彼女の言う通り、僕もこの壁打ちを趣味として楽しみを見出しているわけではないようだ。「作業」といった方が正しい気がする。「作業」は何か考えてやるものではない。生きていればいろんな煩わしいことに心を乱される。ゼミの宿題、バイトのシフト、友達との旅行の計画、彼女との今後の方向性、明日の天気、そしてこれからの就職活動、そこから一歩踏み込んだ自分の「将来」とやら。

「将来」。これが自分にとって、今一番心のざわつくワードだ。そりゃ、将来に不安のない奴なんていないよな、大金持ちの子供でもない限りは。好きなことやって、自由に生きていたい、というのはただの都合のいい願望でしかない。じゃあ自分の好きなことはなんだ、ってなった時に僕は、ひたすらこのボールの壁打ちを続けている。

ギャンブルとかスマホゲームする奴よりかは、よっぽど健康的だろう。でも生産的ではないし、意味はないことは自分でよくわかっている。そして、姉もひたすらにピアノを弾き続けている。僕も姉も、この俗世間から一旦切り離されて、それぞれの場所で作業をして、心を安らかにしたいのだろうか。

姉は今、結婚を考えている彼氏というものがいるらしい。社会人2年目くらいで知り合った別の業界の人。「異業種交流会」なる、立派なお題目の付いた、まあただの合コンで出会ったのだ。ここ1年くらいはおめかししては、いそいそとデートに出かけていくのを見た。玄関でヒールを履く姉の背中を、僕はリビングから見送っていたのだが、ここ最近、そういった様子が見られない。

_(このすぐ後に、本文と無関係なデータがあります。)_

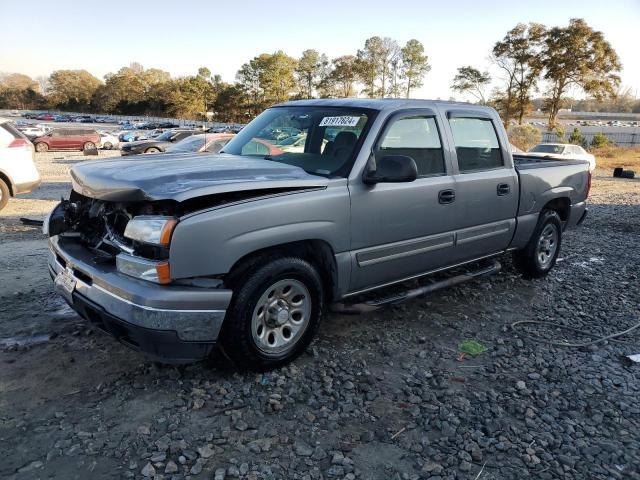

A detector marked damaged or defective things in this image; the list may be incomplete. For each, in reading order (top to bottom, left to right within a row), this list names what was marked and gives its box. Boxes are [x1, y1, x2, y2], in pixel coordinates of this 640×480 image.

crumpled hood [70, 152, 328, 201]
exposed headlight [124, 218, 178, 248]
exposed headlight [115, 253, 170, 284]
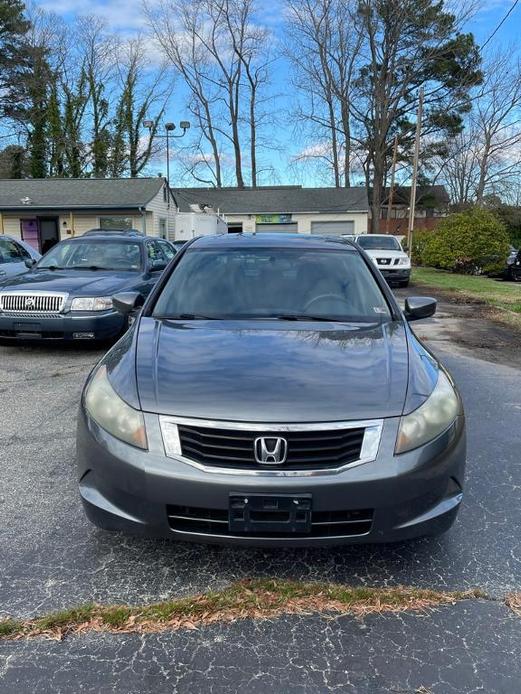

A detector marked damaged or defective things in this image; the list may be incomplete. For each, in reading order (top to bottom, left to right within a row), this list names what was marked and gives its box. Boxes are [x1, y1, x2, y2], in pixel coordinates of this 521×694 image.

cracked asphalt [1, 288, 520, 692]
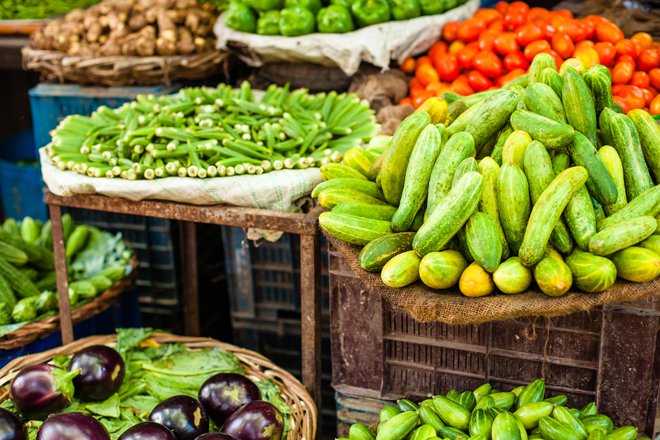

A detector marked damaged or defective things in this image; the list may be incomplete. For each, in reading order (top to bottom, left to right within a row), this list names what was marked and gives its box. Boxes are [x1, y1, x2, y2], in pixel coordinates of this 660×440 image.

rusty metal table leg [48, 205, 74, 346]
rusty metal table leg [179, 222, 200, 336]
rusty metal table leg [300, 230, 322, 412]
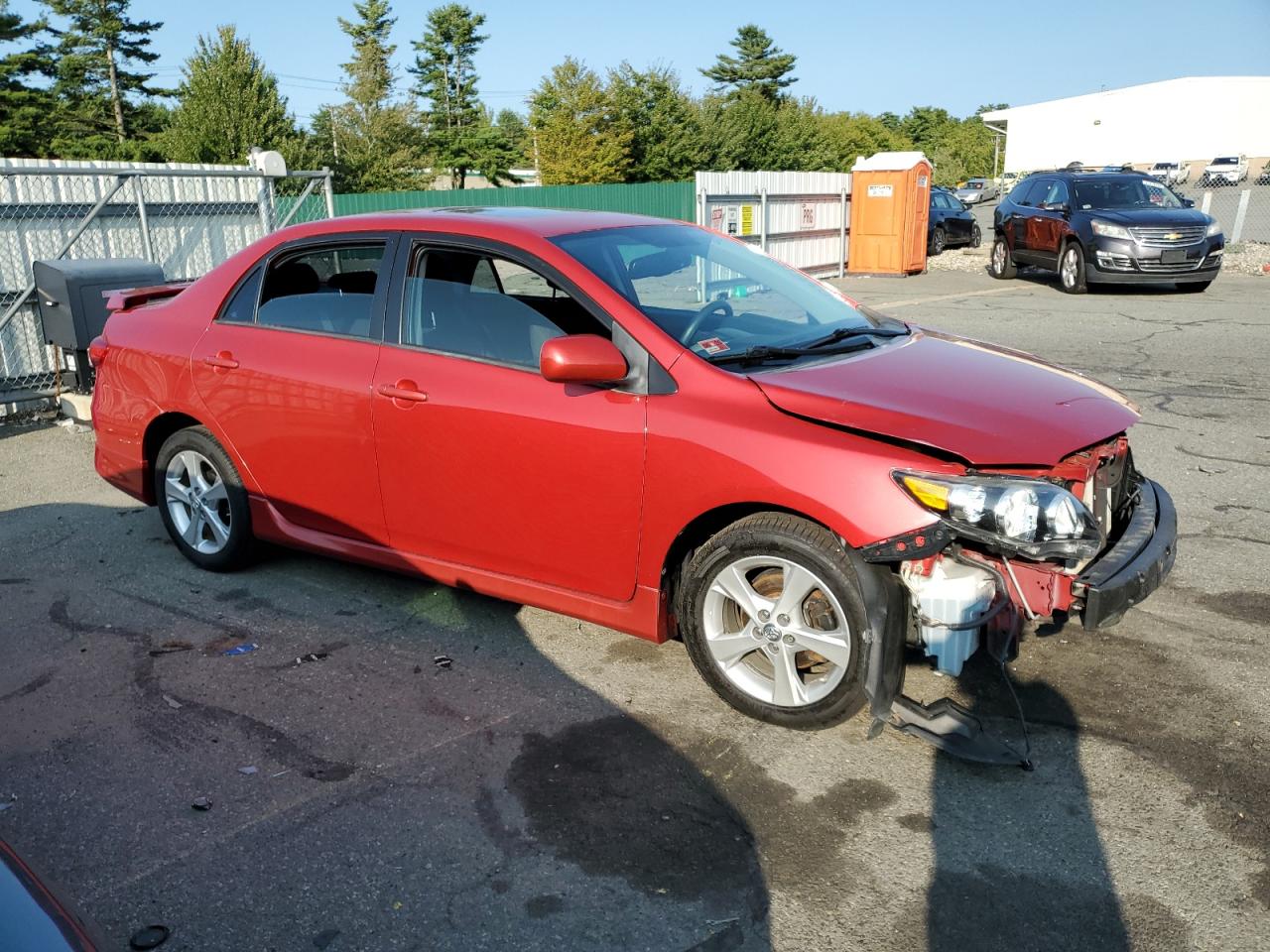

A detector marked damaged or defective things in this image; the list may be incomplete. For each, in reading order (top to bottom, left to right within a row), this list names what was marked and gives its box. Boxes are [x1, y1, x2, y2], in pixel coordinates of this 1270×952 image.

cracked headlight [1095, 220, 1127, 242]
bent hood [754, 331, 1143, 468]
damaged red sedan [91, 208, 1183, 758]
cracked headlight [893, 470, 1103, 559]
crushed front bumper [1080, 480, 1175, 627]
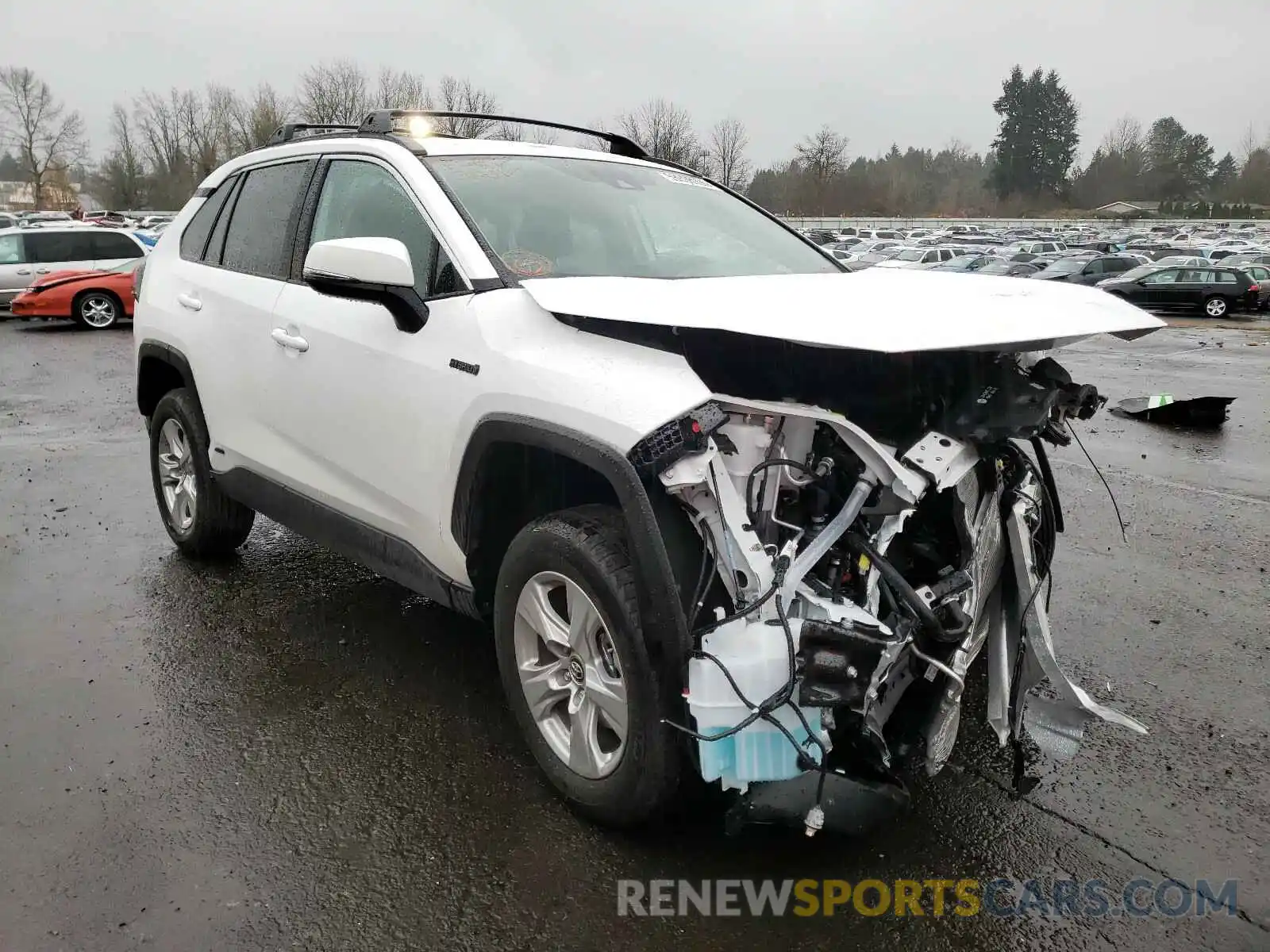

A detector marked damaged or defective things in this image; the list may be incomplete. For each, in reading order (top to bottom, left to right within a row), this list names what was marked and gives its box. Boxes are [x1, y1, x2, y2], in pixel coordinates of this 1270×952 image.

red damaged car [8, 259, 142, 332]
damaged front end [629, 347, 1148, 832]
torn bumper piece [726, 771, 914, 838]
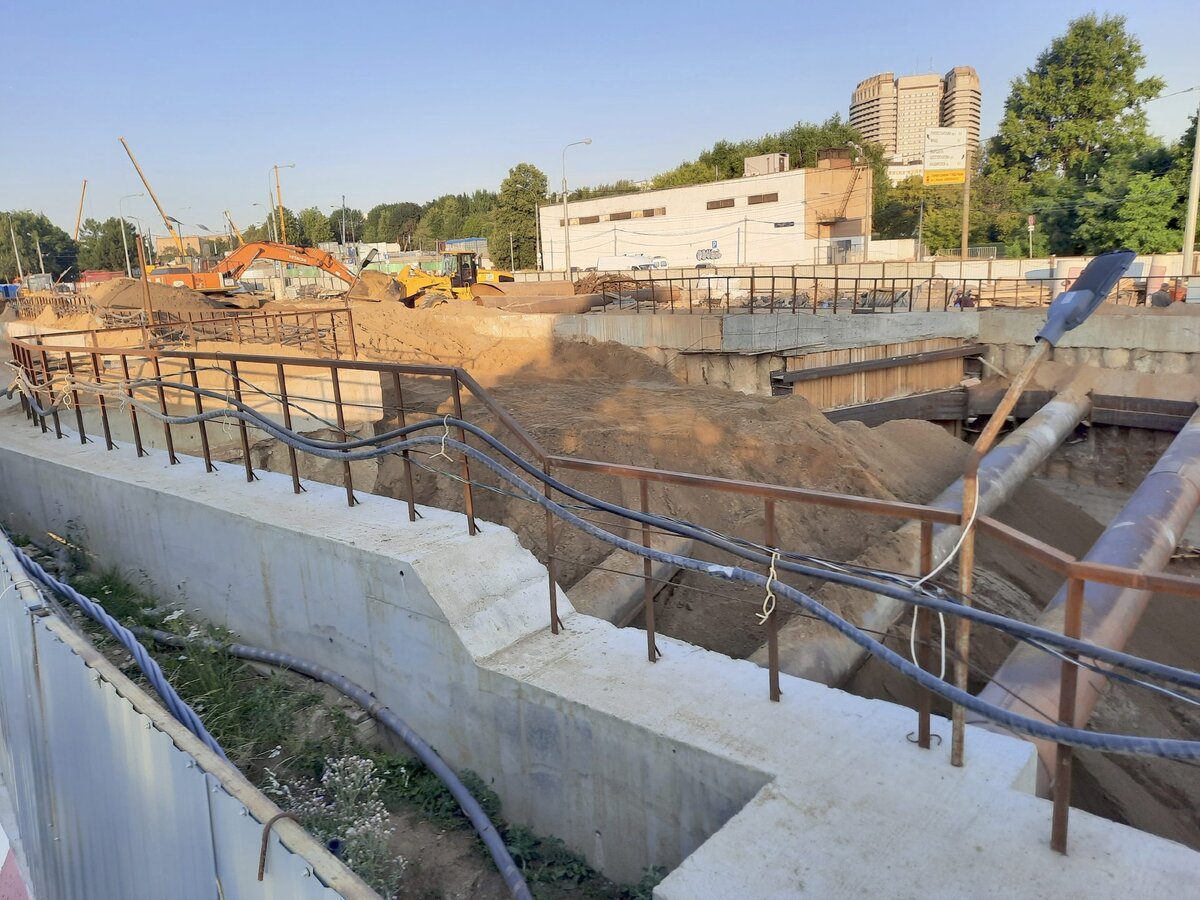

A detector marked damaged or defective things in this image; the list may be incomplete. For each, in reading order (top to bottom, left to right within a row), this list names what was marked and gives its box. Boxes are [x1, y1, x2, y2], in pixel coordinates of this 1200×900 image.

「最近、忙しそうだね」なんとなしに、僕が声をかける。

「うん、まあ。でも、今は仕事も面白いの」そう、なんとなしにボソッと姉はこぼしていた。

姉のピアノはいろいろな音色を奏で、家中にメロディが跳ね回る。僕の壁打ちも、いろいろな方向にボールが跳ね返っていく。ただ、二人の心はピアノやボールのように、思うがままに跳躍してはいかない。ただただ、静かでありたいだけなのだ。世間の雑音に振り回されないように、姉は鍵盤を触り続け、僕はラケットを振り続ける。

不意に、ピアノの音色が止まった。あれ?弾き出したら、1時間は軽く弾いているのにな、今日はどうしたんだろう。しばらくして、姉が僕の部屋にやってきた。

「今夜、お父さんもお母さんも、親戚の法事行っちゃってるんだよね。」「そうだよ。」「ご飯めんどくさいから、どっか食べに行かない?」いつもこういうときはお互い適当に食べているのに、姉が僕をメシに誘うのなんてなんか珍しい。

「いいよ。どこ行く?」僕はいそいそと準備した。と言っても髪を整えるのが面倒なのでサクッと帽子を被り、財布とケータイをズボンのポケットに突っ込んだだけだが。姉はほぼノーメイクだ。

「あそこ行こ、春日。」「うん。」春日というのは、チャーハンの美味しい子供の頃から通っている近くの町中華だ。なんの気兼ねもなく行ける場所。歩いて5分。行きがてらは、親が何時に帰ってくるか、とか他愛のない話をした。

「別れた。彼氏と。」姉は、おかわりした生ビールを口に含んだ後に、いつものようにあっけらかんと、そう呟いた。

「え、マジ?」僕はなるべく感情を交えないようにそう答えた。「そうなんだ、まあ良かったんじゃない。」餃子を口に放り込んで、さもなんでもなさそうに、僕はそう続けた。(本当は結構、動揺しているのだが。)

「うん、まあね。最近会えてなかったしね。結構、お互い仕事あって忙しかったし。」姉はまたジョッキを掲げて、生ビールを口に流し込む。ゴクゴクと心地の良い音とともに、姉の喉が上下する。首元が美しい。

うん、そうか、あのピアノの音色は吹っ切れたってことだったわけね。それはそれで安心した僕がいた。